Snap back to hilarity, oh, there’s goes gravity
Oh, there’s goes Pynchon, he’s dope, he’s so rad but he
won’t give up irony, nope, he’s old-fashioned, he knows
that David Wallace destroyed his whole faction, he smokes
He’s high daily, it shows, he’s so batshit, he trolls
The /lit/ board as his games download patches
It goes, he plays Crysis on Ult with no crashes
He better go pick up a pen and write ‘fore he passes
>>8605436
I liked it.
>>8605436
solid
How are you fuckers this new
He strikes again
>>8606390
He scares me
Have I told you, fella
She’s got the sweetest columella
And a septum that’s swept ’em all on their ass;
Each casual chondrectomy
Meant only a big fat check to me
Till I sawed this osteoclastible lass:
[Refrain]:
Till you’ve cut into Esther
You’ve cut nothing at all;
She’s one of the best, Thir,
To her nose I’m in thrall.
She never acts nasty
But lies still as a rock;
She loves my rhinoplasty
But the others are schlock.
Esther is passive,
Her aplomb is massive,
How could any poor ass’ve
Ever passed her by?
And let me to you say
She puts Ireland to shame;
For her nose is retroussé
And Esther’s her name….
For the last eight bars she chanted “No” on one and three.
>>8605436
>oh, there goes gravity
>he won't give up irony
>>8605436
Top notch work.
>>8605057
I believe the most popular academic explanation going right now is that he took Brecht's idea to heart, that he reduces a situation to such depths of the absurd and grotesque that there's no other way to progress than to sing. His songs are exceptionally bad, though. I think he does that on purpose, though I haven't read M&D or AtD yet. Anyone have any examples from that?

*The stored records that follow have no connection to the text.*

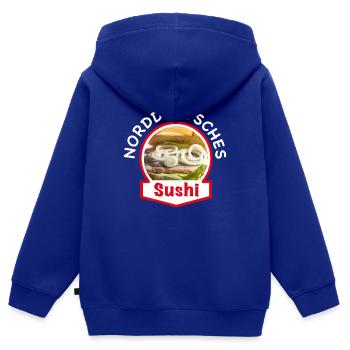 Norddeutsches Sushi | Fischbrötchen Matjes Hering - Kinder Premium Organic Zip Hoodie - Royalblau - Hinten - AI Model Kid Male (0cm)
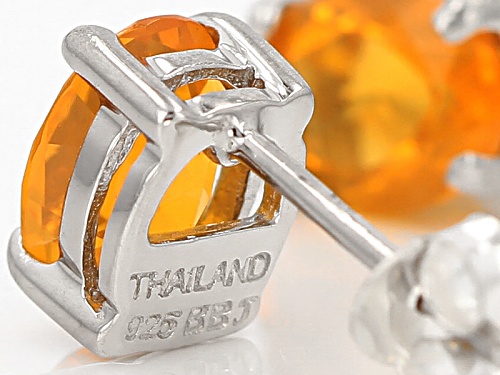 1.36ctw Oval Mexican Fire Opal Soliraire Sterling Silver Stud Earrings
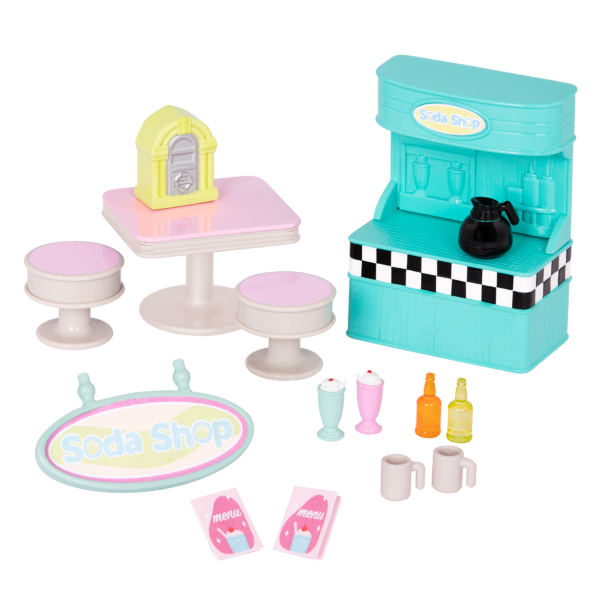 Li'l Woodzeez Animals Soda Shop 15 Piece Accessories Playset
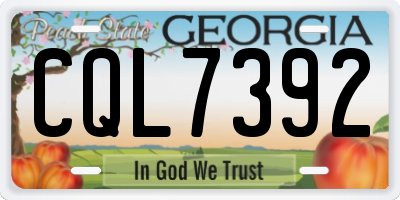 GA license plate CQL7392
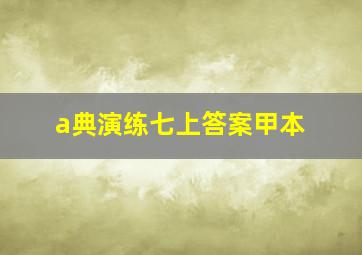 a典演练七上答案甲本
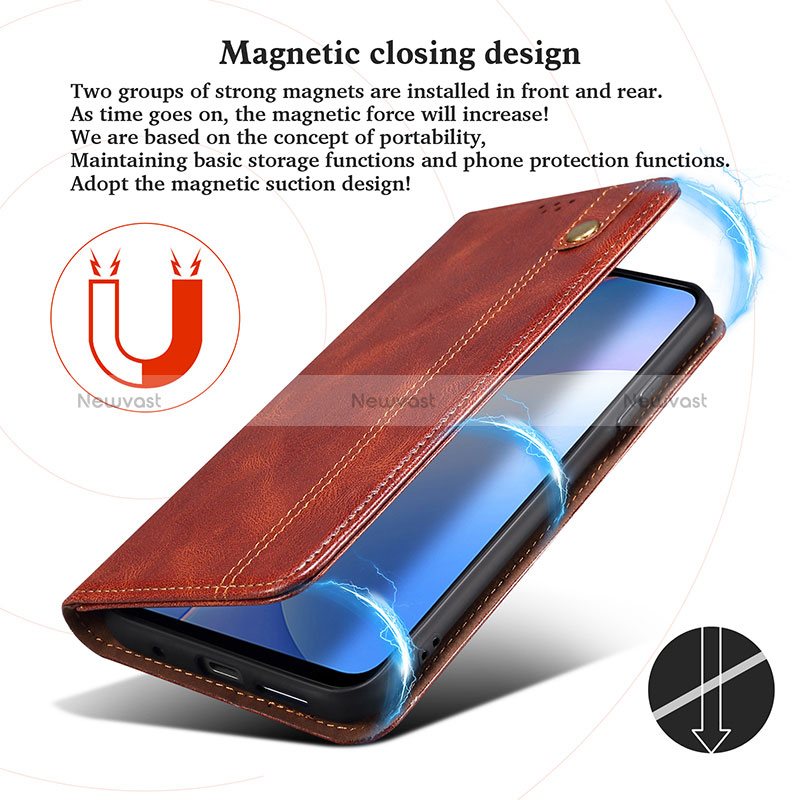 Leather Case Stands Flip Cover Holder B01S for Realme GT 5G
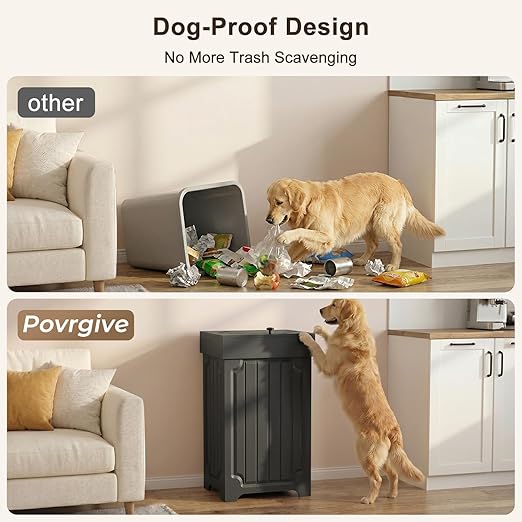 Povrgive Wood Trash Can Cabinet, 13 Gallon Hidden Kitchen Garbage Can - Image 3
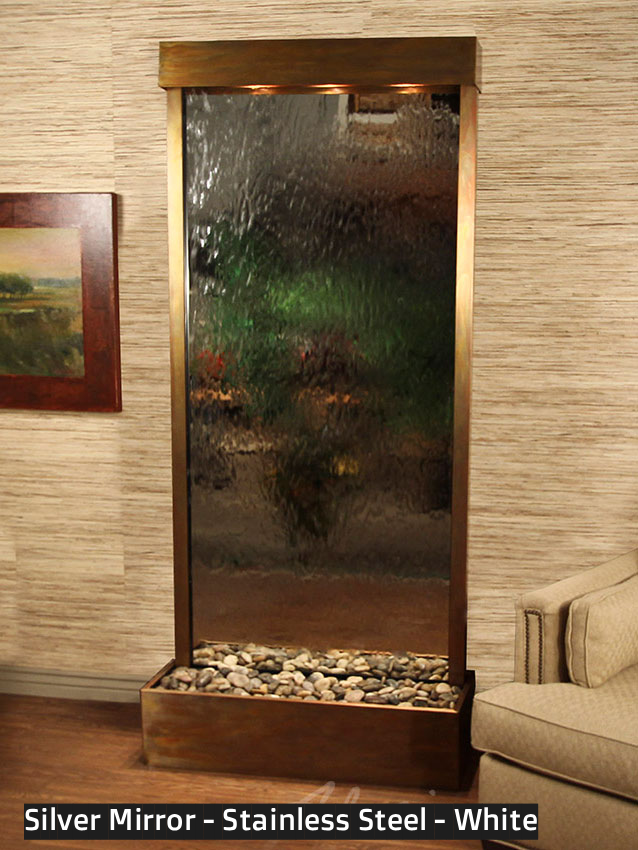 Adagio Tranquil River Flush Mounted to Rear of the Base 90"H x 41"W Indoor Floor Fountain TRF3512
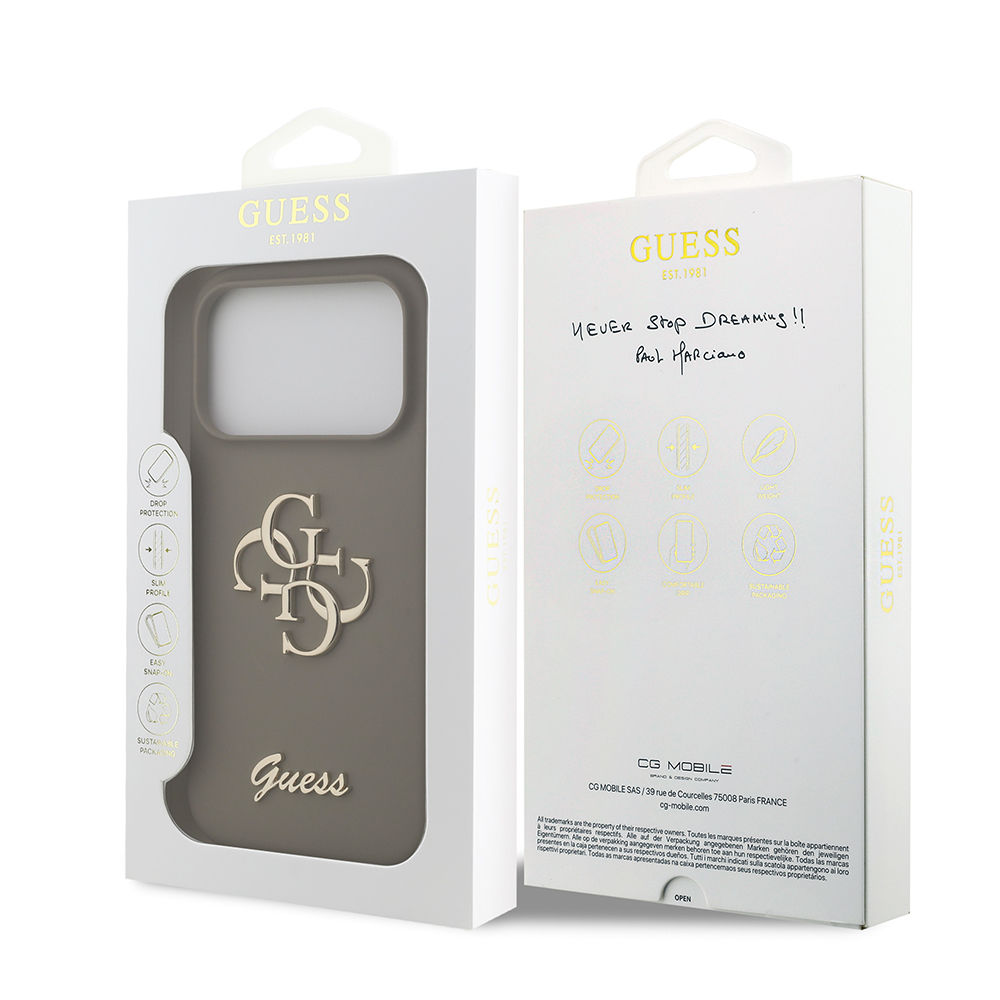 Apple iPhone 17 Pro Kılıf Guess Orjinal Lisanslı Grained Yazı Logolu Kapak - 33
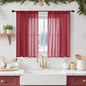 BGment Burgundy Linen Kitchen Curtains 40 Inch Length, Short Semi Sheer Drapes with Rod Pocket for Cafe Bathroom Over Sink Windows Lightweight, 2 Panels Set, Each 42 Inch Wide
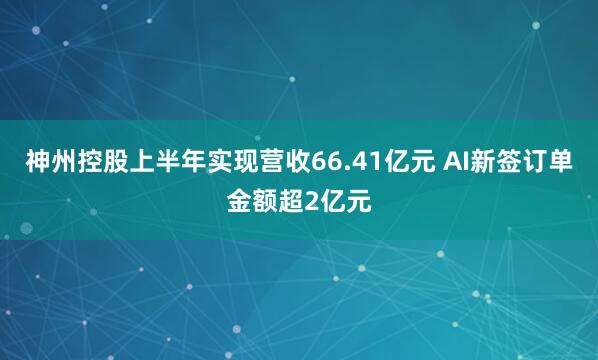 神州控股上半年实现营收66.41亿元 AI新签订单金额超2亿元
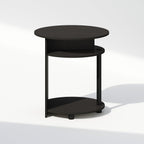 TIDUR Night Stand, 3-Tier Oval Nightstand with Round Edge Tabletop, Open Shelf Bedside Table, End Table, Side Table, for Bedroom, Closet, Dorm, Walnut
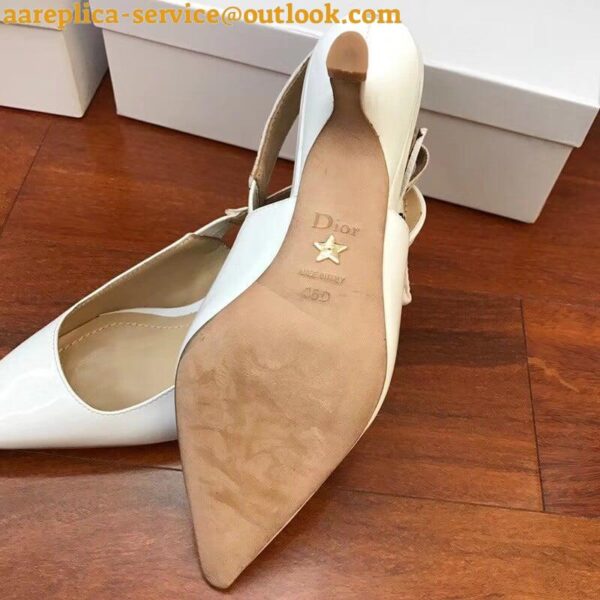 Replica Dior J'Adior Slingback Pumps 65mm In White Patent Calfskin 27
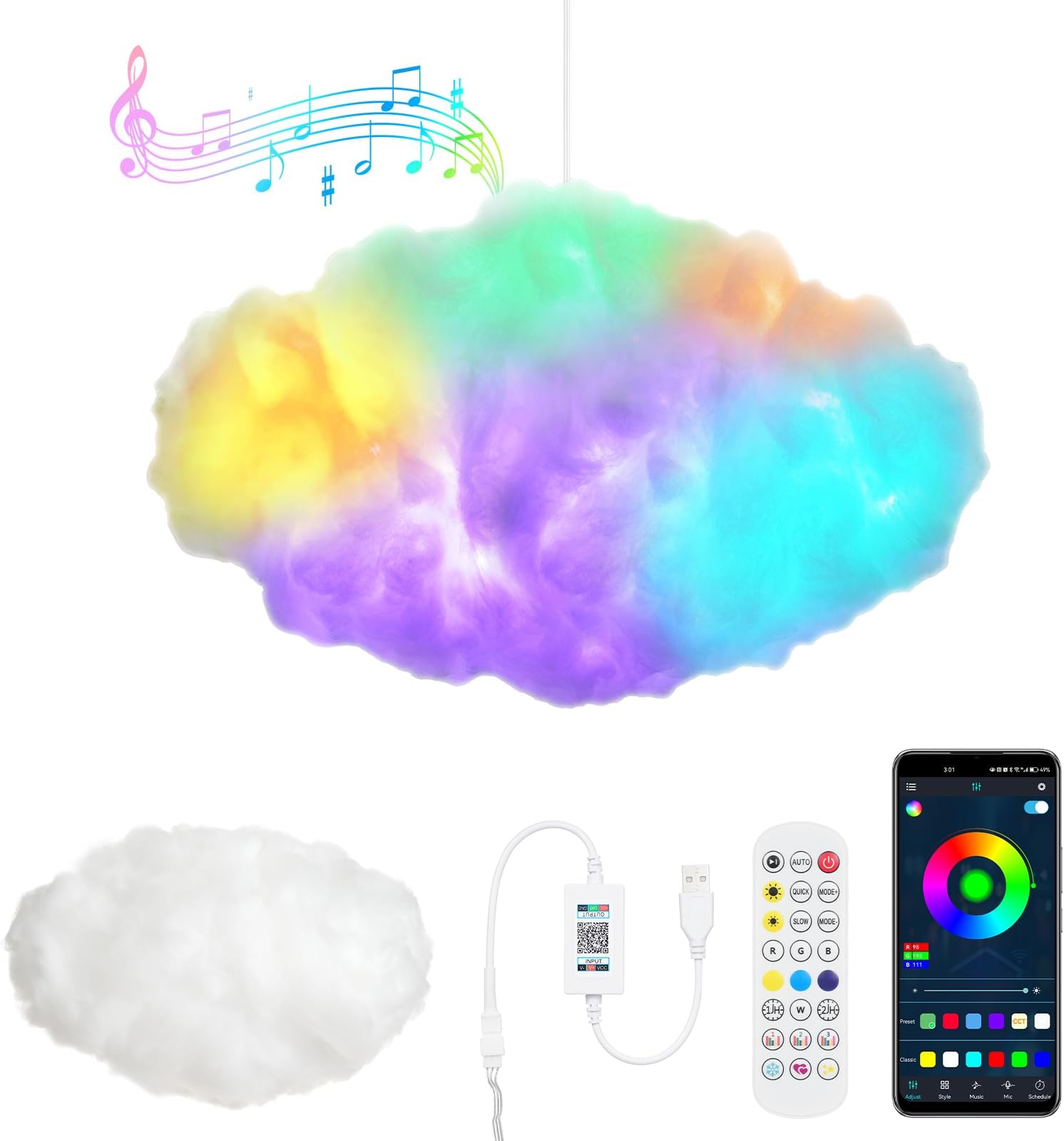 Pepisky RGB Cloud Lights Color C Clouds Decorative Lamp APP Control Remote Control Music Sync Dimmable Ambient Lights for Shopping Mall Wedding Hotel Home Decor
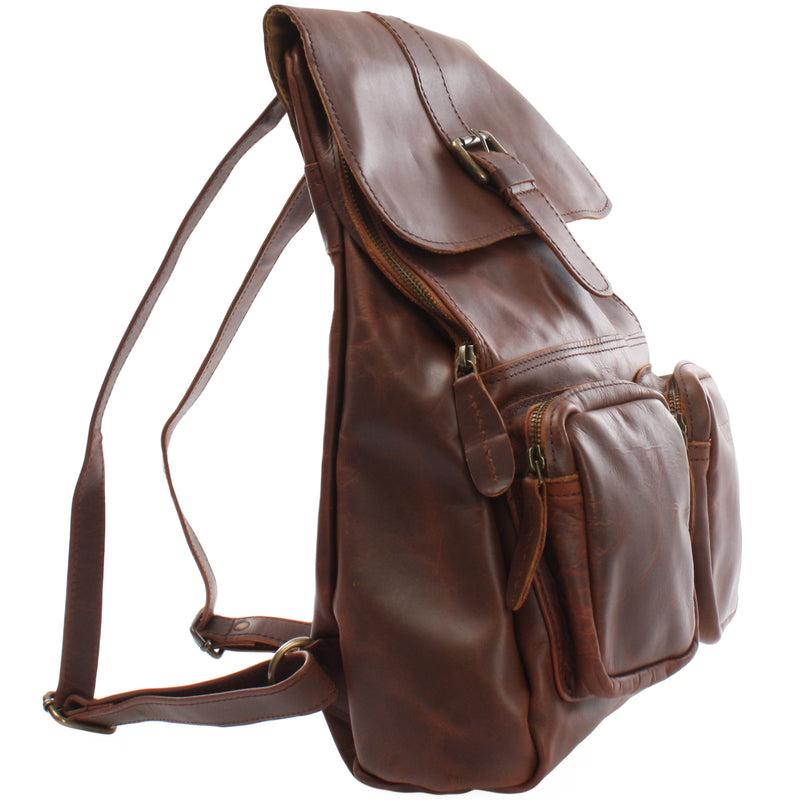 Leconi Rucksack Freizeitrucksack vintage Lederrucksack Damen Herren Leder braun LE1008 im Angebot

Also, and this isn't completely on topic, but I remember one of my old drinking buddies remarking that the Beatles' old band name (before they settled on "The Beatles") was The Paranoids.
>>8605057
I don't know what Pynchon intended, but I've always connected it with how singing/music can bring you out of a bad trip.
>>8607684
>Brecht's idea to heart
This, the idea of distancing the reader from the story.
In Bleeding Edge, incidentally, he jokingly references a "Neo-Brechtian" film IIRC
>>8605436
10/10
>>8605436
Nice, senpai.
>>8605436
Toasting in epic bread.
>>8605057
I took it as pretty much
>>8607684
Gravity's Rainbow was pretty much about the idea and nature of control, and how useless it is to resist, and especially I think the ending is where it really clicked for me as to why the songs were so prevalent. The story tells you at the ending that there's a rocket about to crash over your head and there's nothing much to do but to sing. I took the songs in Gravity's Rainbow specifically as embracing the lack of control. You know, Tommy's whole hippy "Keep cool, but care" vibe.